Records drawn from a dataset

------------------------------

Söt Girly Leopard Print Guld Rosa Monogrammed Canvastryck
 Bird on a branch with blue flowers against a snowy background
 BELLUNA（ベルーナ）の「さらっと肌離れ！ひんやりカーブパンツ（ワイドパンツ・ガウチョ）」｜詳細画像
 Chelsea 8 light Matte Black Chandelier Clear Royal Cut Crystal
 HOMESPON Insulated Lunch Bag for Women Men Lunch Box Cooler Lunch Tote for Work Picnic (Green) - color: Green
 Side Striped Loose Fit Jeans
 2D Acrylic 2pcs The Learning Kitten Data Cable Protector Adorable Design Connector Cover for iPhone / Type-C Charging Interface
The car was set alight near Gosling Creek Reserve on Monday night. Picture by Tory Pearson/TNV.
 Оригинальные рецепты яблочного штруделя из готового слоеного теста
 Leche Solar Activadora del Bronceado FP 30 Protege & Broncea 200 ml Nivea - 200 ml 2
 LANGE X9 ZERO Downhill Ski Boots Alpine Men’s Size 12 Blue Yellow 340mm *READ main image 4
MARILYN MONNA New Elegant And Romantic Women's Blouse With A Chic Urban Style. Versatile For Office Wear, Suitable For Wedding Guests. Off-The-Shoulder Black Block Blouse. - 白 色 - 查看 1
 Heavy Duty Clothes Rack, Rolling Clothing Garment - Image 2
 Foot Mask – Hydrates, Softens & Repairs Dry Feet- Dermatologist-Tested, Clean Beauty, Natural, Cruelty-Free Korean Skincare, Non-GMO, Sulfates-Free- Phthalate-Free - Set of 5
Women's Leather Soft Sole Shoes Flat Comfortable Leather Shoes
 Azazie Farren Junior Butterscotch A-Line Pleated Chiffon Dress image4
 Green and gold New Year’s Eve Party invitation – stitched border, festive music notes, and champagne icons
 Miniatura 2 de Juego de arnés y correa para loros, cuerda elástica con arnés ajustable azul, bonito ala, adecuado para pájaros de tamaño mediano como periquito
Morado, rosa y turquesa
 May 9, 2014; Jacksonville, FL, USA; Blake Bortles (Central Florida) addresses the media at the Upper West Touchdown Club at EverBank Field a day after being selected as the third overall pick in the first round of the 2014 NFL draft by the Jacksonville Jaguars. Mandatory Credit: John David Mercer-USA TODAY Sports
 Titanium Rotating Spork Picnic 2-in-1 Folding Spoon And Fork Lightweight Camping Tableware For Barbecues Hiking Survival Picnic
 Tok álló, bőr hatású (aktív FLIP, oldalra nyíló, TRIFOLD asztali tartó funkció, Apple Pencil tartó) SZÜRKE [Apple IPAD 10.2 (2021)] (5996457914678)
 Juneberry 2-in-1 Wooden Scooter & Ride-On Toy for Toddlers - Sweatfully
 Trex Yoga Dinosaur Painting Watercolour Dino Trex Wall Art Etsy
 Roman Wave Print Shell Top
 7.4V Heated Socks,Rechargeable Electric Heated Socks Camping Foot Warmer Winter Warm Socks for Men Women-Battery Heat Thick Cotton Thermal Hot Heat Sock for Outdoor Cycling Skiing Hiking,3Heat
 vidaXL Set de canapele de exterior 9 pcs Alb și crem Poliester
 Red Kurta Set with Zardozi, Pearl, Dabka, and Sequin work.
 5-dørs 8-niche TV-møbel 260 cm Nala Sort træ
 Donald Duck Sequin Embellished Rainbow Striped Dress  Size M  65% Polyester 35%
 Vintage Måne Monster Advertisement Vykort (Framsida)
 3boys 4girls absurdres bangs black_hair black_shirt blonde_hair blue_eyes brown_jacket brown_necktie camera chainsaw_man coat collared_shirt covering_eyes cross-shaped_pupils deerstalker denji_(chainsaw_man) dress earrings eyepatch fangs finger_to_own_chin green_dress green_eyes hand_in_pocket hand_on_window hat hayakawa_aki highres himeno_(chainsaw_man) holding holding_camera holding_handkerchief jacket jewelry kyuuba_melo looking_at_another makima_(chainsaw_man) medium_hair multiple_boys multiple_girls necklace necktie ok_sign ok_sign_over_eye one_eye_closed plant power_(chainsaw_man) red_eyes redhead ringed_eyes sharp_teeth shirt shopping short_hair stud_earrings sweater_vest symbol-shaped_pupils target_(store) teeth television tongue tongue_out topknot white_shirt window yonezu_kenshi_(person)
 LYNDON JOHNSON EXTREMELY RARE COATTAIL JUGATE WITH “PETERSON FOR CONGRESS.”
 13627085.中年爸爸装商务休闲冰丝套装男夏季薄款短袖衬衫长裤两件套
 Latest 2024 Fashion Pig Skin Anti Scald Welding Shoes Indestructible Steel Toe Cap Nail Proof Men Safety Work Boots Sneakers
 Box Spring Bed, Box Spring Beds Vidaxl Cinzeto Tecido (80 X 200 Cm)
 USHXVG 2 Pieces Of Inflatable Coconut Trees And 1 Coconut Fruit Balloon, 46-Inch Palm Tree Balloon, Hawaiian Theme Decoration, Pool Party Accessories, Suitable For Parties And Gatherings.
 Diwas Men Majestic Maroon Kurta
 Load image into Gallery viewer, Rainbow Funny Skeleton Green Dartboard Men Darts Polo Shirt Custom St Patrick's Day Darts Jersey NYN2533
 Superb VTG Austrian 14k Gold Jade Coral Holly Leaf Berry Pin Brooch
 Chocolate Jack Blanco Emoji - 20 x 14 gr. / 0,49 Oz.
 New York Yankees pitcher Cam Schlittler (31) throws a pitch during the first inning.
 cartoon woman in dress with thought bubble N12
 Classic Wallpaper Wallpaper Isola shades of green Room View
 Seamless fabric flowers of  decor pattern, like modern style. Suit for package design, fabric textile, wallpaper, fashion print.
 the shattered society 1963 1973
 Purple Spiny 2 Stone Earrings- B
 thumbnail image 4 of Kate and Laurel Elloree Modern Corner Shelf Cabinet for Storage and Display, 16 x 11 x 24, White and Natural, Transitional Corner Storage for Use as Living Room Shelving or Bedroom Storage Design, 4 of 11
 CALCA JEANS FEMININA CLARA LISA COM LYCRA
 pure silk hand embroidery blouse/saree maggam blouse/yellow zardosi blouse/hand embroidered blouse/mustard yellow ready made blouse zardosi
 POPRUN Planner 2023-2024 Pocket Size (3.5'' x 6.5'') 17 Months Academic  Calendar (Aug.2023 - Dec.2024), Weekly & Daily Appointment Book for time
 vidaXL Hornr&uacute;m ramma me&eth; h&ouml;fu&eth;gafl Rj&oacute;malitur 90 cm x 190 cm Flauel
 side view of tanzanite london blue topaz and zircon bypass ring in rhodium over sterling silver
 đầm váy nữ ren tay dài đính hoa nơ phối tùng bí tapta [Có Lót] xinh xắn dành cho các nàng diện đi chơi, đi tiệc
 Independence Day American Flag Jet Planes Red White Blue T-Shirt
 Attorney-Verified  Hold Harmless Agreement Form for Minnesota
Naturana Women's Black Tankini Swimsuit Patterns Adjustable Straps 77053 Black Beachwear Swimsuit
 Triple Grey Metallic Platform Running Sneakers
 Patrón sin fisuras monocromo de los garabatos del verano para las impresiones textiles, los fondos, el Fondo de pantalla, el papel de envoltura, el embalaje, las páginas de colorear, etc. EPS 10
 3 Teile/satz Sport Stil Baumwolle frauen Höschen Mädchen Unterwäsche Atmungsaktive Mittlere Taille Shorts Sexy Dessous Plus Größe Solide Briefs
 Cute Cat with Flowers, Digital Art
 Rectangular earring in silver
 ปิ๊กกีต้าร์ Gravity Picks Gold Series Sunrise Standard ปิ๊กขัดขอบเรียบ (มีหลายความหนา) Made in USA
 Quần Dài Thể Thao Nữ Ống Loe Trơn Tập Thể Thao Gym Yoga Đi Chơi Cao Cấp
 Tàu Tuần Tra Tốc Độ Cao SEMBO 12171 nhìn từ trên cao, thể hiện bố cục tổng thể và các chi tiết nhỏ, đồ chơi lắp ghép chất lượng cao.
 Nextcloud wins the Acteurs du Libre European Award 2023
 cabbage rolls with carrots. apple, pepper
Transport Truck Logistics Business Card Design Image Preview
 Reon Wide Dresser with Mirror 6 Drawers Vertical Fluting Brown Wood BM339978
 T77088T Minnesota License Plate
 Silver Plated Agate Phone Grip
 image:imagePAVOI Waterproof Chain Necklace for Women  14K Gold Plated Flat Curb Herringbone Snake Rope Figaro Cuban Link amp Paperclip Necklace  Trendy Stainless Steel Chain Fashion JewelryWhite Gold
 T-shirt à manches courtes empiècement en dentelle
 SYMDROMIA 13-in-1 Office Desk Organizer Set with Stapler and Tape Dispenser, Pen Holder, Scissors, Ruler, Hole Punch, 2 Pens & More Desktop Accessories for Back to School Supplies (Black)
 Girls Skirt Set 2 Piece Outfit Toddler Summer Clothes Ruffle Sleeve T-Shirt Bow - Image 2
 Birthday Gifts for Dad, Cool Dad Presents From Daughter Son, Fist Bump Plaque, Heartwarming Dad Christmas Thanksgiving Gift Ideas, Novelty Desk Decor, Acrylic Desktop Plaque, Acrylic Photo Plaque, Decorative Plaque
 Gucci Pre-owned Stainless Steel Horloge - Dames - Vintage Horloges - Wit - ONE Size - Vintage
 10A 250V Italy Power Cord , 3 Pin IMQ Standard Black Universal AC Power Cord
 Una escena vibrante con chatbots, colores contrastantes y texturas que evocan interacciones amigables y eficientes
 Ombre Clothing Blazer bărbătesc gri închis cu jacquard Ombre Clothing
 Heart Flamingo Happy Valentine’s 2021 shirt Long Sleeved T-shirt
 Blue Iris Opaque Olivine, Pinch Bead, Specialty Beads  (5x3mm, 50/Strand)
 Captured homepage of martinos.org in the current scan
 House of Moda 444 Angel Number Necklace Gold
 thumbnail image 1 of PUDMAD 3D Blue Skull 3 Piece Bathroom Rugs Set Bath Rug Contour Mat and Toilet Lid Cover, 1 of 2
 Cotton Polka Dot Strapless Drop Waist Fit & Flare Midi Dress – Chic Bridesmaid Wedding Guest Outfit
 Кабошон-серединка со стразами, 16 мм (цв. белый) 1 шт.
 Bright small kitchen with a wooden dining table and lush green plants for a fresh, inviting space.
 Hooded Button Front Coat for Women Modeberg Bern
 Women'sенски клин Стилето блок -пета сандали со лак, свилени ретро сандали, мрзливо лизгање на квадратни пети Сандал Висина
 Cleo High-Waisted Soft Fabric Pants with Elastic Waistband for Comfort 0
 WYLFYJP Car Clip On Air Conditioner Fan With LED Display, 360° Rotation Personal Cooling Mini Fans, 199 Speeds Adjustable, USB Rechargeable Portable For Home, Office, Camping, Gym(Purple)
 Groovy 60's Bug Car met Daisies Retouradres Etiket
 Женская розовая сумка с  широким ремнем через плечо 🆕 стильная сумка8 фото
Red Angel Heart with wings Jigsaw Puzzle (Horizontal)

------------------------------

### ABOUT THIS TASK
Please return only the lines above, starting at the line that has "Miniatura 2 de" and ending at the line that has "5-dørs 8-niche TV-møbel 260 cm Nala Sort træ", keeping both and leaving each one unchanged.

### ANSWER FOR THIS EXERCISE
 Miniatura 2 de Juego de arnés y correa para loros, cuerda elástica con arnés ajustable azul, bonito ala, adecuado para pájaros de tamaño mediano como periquito
Morado, rosa y turquesa
 May 9, 2014; Jacksonville, FL, USA; Blake Bortles (Central Florida) addresses the media at the Upper West Touchdown Club at EverBank Field a day after being selected as the third overall pick in the first round of the 2014 NFL draft by the Jacksonville Jaguars. Mandatory Credit: John David Mercer-USA TODAY Sports
 Titanium Rotating Spork Picnic 2-in-1 Folding Spoon And Fork Lightweight Camping Tableware For Barbecues Hiking Survival Picnic
 Tok álló, bőr hatású (aktív FLIP, oldalra nyíló, TRIFOLD asztali tartó funkció, Apple Pencil tartó) SZÜRKE [Apple IPAD 10.2 (2021)] (5996457914678)
 Juneberry 2-in-1 Wooden Scooter & Ride-On Toy for Toddlers - Sweatfully
 Trex Yoga Dinosaur Painting Watercolour Dino Trex Wall Art Etsy
 Roman Wave Print Shell Top
 7.4V Heated Socks,Rechargeable Electric Heated Socks Camping Foot Warmer Winter Warm Socks for Men Women-Battery Heat Thick Cotton Thermal Hot Heat Sock for Outdoor Cycling Skiing Hiking,3Heat
 vidaXL Set de canapele de exterior 9 pcs Alb și crem Poliester
 Red Kurta Set with Zardozi, Pearl, Dabka, and Sequin work.
 5-dørs 8-niche TV-møbel 260 cm Nala Sort træ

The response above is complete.